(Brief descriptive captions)

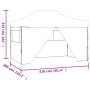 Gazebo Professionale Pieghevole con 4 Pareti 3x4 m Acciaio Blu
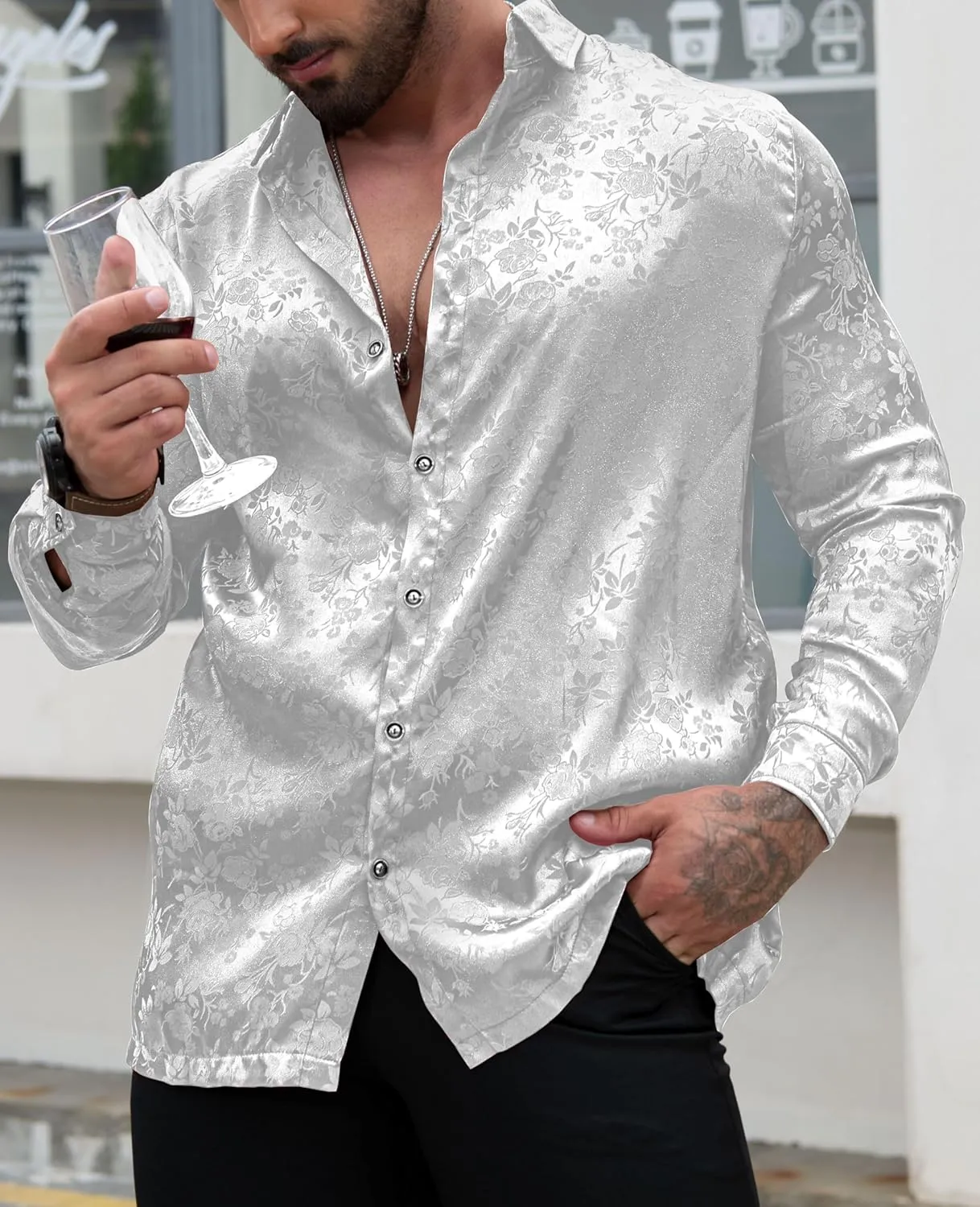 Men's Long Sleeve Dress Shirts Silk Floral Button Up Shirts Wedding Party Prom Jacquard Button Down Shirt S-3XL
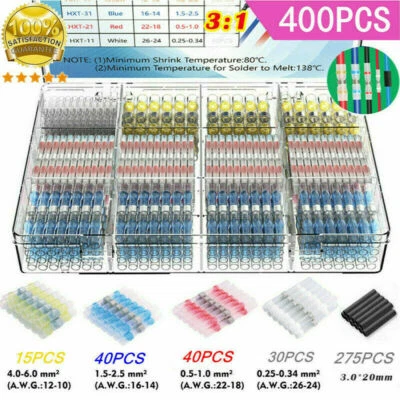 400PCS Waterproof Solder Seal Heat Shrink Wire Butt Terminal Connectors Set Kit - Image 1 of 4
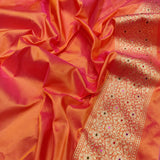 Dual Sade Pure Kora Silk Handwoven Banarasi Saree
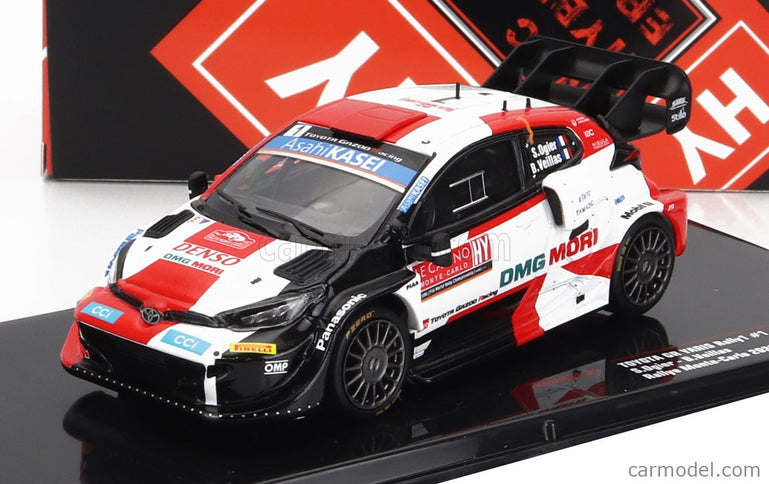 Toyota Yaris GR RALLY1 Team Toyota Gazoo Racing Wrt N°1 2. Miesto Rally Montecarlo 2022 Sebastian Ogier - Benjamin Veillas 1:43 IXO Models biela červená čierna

- Work instructions:
Leave nothing out but the pictures when transcribing the records.

- Answer space:
 Gazebo Professionale Pieghevole con 4 Pareti 3x4 m Acciaio Blu
 Men's Long Sleeve Dress Shirts Silk Floral Button Up Shirts Wedding Party Prom Jacquard Button Down Shirt S-3XL
 400PCS Waterproof Solder Seal Heat Shrink Wire Butt Terminal Connectors Set Kit - Image 1 of 4
 Dual Sade Pure Kora Silk Handwoven Banarasi Saree
 Toyota Yaris GR RALLY1 Team Toyota Gazoo Racing Wrt N°1 2. Miesto Rally Montecarlo 2022 Sebastian Ogier - Benjamin Veillas 1:43 IXO Models biela červená čierna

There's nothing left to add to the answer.